In my first word order post, I explained the basic Subject-Verb-Object sentence order. Then in a second post, I explained how time (when something happened) normally gets added to sentences. In this post, I’ll look at how you show where something happened.
Where an action happened
In English, we can do this a few ways:
1 - This morning I drank coffee in the office.
2 - In the office, I drank coffee this morning.
3 - I drank coffee in the office this morning.
I’d say that the third option is probably the most common, and the “cleanest”. The first isn’t too bad but the second sounds odd.
Even though #3 is the one we’d probably use in English, it’s not the way we’d say it in Mandarin. The location just doesn’t go at the end of the sentence if it’s not the object. It’s usually straight after the subject.
Here’s an example:
我今天早上在办公室喝咖啡。(Wǒ jīntiān zǎoshang zài bàngōngshì hē kāfēi.)
That’s literally:
I, this morning in the office, drank coffee.

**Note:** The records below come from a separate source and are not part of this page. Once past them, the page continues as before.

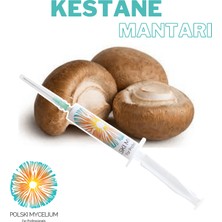 Polski Mycelium Kestane Mantarı Sıvı Miseli 5 ml Mantar Tohumu Mantar Miseli Ana Kültür Misel ve Kompost Üretmek Için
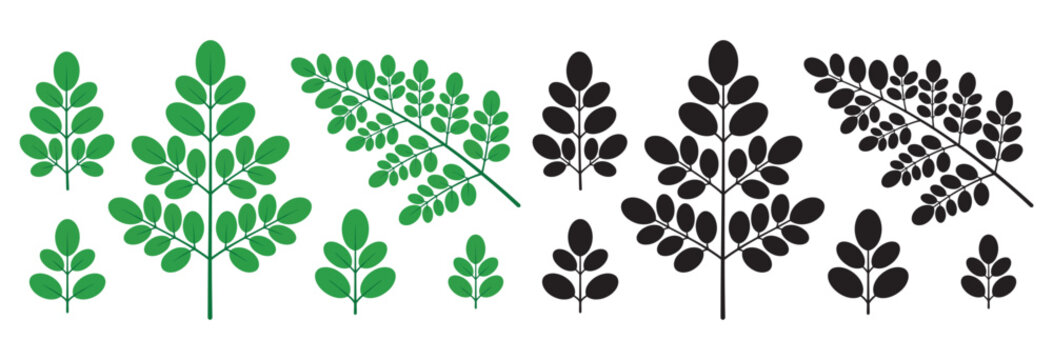 Collection of green and black moringa leaves and branches on transparent background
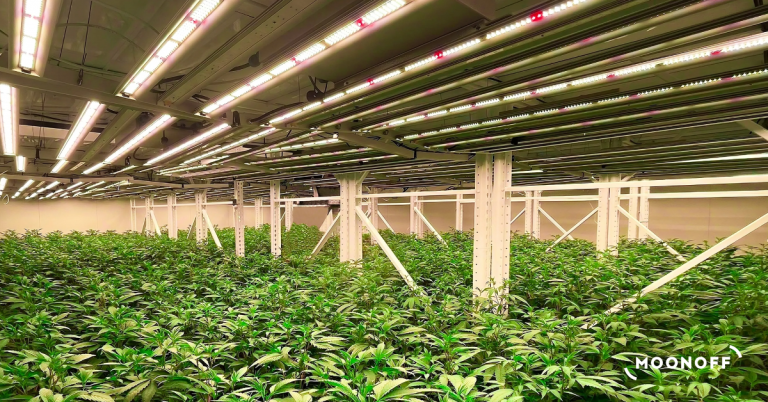Grow Series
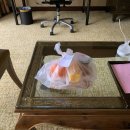 멍PT 운송 | [싱가포르] 자가격리 후기 (SHN) - 오차드 리젠트호텔에서의 고독한 2주간의 강제호캉스 기록 : 격리...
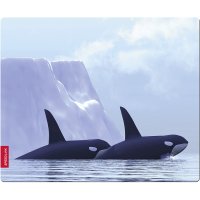    Speed-Link Silk Orca SL-6242-ORCA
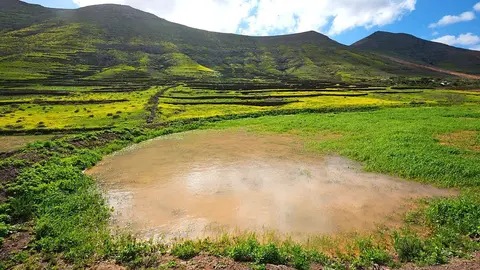 Gavia llena por las lluvias en Vallebr&oacute;n (La Oliva).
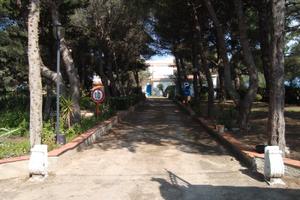 Residence Nettuno + Terreno Edificatorio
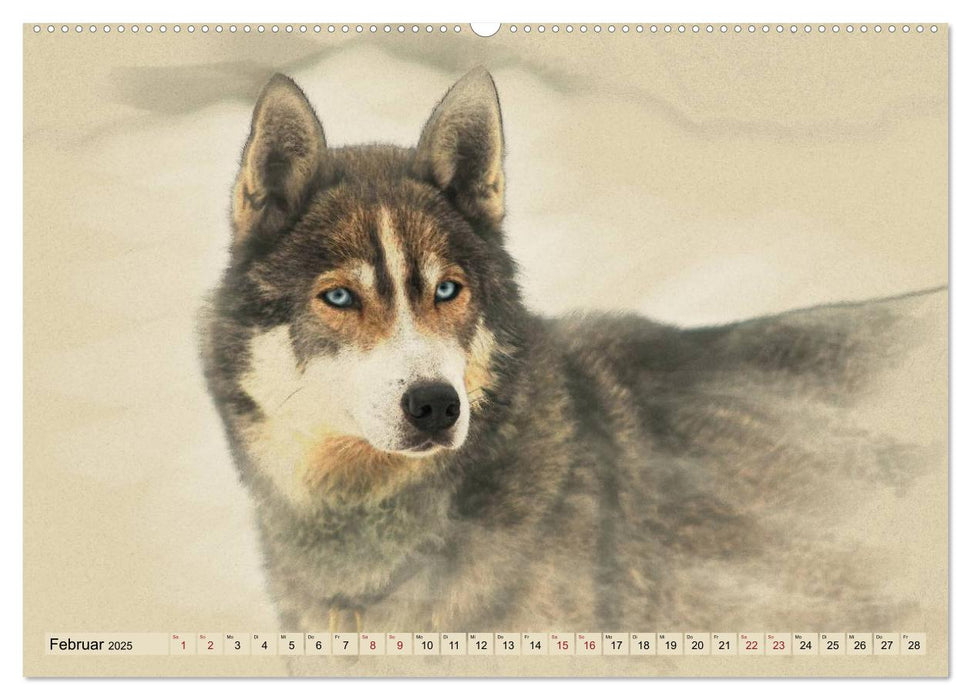 Schlittenhunde 2025 (CALVENDO Premium Wandkalender 2025)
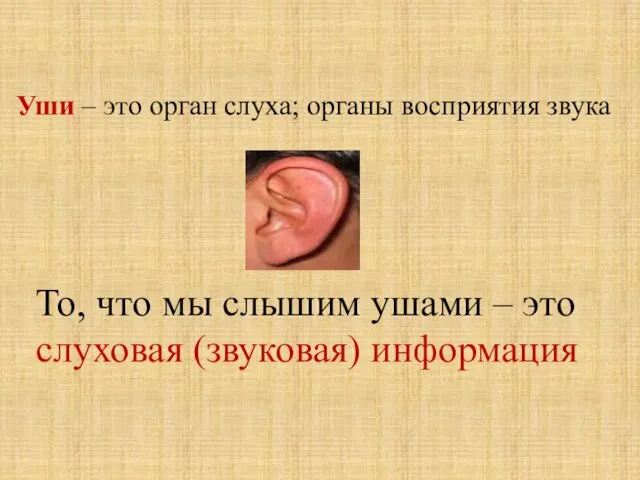 Уши – это орган слуха; органы восприятия звука То, что мы слышим ушами
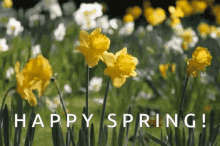 Happy Spring GIFs | Tenor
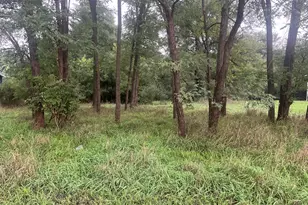 Brooklyn Rd, Jackson, MI 49201 - Photo 1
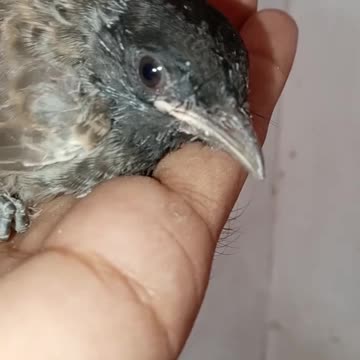 Most Beautiful bird on my hand | lovely and small birds video | funny animals video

And yes, that sounds odd to us.
The word 在 (zài) has many uses but is usually translated as “at”.
办公室 (bàngōngshì) is the office.
Last time I also mentioned that 喝了 (hēle) means “drank”. It was the verb to drink, followed by an indication that the action had completed.
Yet even though it’s the verb to drink again here, the 了 isn’t part of the sentence. It’s because the time component is there.